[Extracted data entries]
______________________________
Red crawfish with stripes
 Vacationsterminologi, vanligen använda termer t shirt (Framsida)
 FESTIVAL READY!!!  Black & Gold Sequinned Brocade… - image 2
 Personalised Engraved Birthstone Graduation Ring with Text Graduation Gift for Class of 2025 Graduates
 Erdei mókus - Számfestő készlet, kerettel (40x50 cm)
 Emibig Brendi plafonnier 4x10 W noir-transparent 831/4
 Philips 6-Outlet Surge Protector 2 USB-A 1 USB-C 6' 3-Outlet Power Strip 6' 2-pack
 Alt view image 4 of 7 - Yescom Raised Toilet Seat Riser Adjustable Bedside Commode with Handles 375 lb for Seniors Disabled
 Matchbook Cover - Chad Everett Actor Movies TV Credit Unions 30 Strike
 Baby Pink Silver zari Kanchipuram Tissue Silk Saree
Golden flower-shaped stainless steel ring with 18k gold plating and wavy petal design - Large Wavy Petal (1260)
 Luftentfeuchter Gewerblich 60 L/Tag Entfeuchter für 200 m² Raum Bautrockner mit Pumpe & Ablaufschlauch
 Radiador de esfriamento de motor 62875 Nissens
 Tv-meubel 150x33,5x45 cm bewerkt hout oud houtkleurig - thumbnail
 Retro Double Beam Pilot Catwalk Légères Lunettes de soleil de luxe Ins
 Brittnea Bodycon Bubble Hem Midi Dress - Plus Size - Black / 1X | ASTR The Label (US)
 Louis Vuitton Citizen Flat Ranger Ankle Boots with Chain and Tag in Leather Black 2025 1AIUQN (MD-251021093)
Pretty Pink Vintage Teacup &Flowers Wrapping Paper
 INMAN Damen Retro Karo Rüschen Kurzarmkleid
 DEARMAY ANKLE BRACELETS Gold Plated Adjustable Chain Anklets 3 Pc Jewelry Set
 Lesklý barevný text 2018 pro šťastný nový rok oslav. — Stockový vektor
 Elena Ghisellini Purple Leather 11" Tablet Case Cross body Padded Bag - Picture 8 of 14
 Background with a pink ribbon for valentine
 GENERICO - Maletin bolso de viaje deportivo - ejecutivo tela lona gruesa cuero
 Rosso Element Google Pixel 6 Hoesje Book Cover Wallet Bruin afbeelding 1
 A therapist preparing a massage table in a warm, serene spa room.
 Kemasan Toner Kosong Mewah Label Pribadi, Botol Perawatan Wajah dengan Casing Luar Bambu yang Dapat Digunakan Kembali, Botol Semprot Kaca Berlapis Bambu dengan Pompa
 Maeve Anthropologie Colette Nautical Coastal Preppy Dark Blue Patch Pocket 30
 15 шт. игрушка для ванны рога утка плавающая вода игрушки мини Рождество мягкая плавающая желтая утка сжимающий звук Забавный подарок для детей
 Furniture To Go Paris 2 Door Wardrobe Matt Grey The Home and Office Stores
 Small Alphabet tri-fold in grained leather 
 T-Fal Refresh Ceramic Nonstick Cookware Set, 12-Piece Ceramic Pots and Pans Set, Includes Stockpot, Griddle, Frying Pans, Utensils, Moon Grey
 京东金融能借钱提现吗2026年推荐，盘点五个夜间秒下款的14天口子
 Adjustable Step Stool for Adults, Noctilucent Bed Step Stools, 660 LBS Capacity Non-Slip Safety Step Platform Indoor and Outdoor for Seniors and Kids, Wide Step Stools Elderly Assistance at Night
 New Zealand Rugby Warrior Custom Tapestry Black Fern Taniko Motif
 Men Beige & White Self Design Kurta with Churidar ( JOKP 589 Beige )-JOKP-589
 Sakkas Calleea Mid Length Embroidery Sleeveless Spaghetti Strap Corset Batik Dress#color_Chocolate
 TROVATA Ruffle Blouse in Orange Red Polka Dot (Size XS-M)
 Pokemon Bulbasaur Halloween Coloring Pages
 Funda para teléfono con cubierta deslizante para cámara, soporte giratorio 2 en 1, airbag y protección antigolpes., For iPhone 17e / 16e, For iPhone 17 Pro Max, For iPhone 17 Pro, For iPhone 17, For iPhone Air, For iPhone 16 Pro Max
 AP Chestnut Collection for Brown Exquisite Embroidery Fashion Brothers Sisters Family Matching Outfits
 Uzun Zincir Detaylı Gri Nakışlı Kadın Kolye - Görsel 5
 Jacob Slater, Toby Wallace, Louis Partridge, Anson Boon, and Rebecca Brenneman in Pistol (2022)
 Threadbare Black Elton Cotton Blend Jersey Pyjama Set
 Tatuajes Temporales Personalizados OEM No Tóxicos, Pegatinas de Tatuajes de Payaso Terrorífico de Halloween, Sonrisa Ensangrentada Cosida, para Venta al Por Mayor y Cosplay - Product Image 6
______________________________
Directions for this task: Using the entries shown above, reproduce verbatim the lines from the line bearing "Vacationsterminologi, vanligen använda" to the line bearing "Lesklý barevný text", inclusive.

Response:
 Vacationsterminologi, vanligen använda termer t shirt (Framsida)
 FESTIVAL READY!!!  Black & Gold Sequinned Brocade… - image 2
 Personalised Engraved Birthstone Graduation Ring with Text Graduation Gift for Class of 2025 Graduates
 Erdei mókus - Számfestő készlet, kerettel (40x50 cm)
 Emibig Brendi plafonnier 4x10 W noir-transparent 831/4
 Philips 6-Outlet Surge Protector 2 USB-A 1 USB-C 6' 3-Outlet Power Strip 6' 2-pack
 Alt view image 4 of 7 - Yescom Raised Toilet Seat Riser Adjustable Bedside Commode with Handles 375 lb for Seniors Disabled
 Matchbook Cover - Chad Everett Actor Movies TV Credit Unions 30 Strike
 Baby Pink Silver zari Kanchipuram Tissue Silk Saree
Golden flower-shaped stainless steel ring with 18k gold plating and wavy petal design - Large Wavy Petal (1260)
 Luftentfeuchter Gewerblich 60 L/Tag Entfeuchter für 200 m² Raum Bautrockner mit Pumpe & Ablaufschlauch
 Radiador de esfriamento de motor 62875 Nissens
 Tv-meubel 150x33,5x45 cm bewerkt hout oud houtkleurig - thumbnail
 Retro Double Beam Pilot Catwalk Légères Lunettes de soleil de luxe Ins
 Brittnea Bodycon Bubble Hem Midi Dress - Plus Size - Black / 1X | ASTR The Label (US)
 Louis Vuitton Citizen Flat Ranger Ankle Boots with Chain and Tag in Leather Black 2025 1AIUQN (MD-251021093)
Pretty Pink Vintage Teacup &Flowers Wrapping Paper
 INMAN Damen Retro Karo Rüschen Kurzarmkleid
 DEARMAY ANKLE BRACELETS Gold Plated Adjustable Chain Anklets 3 Pc Jewelry Set
 Lesklý barevný text 2018 pro šťastný nový rok oslav. — Stockový vektor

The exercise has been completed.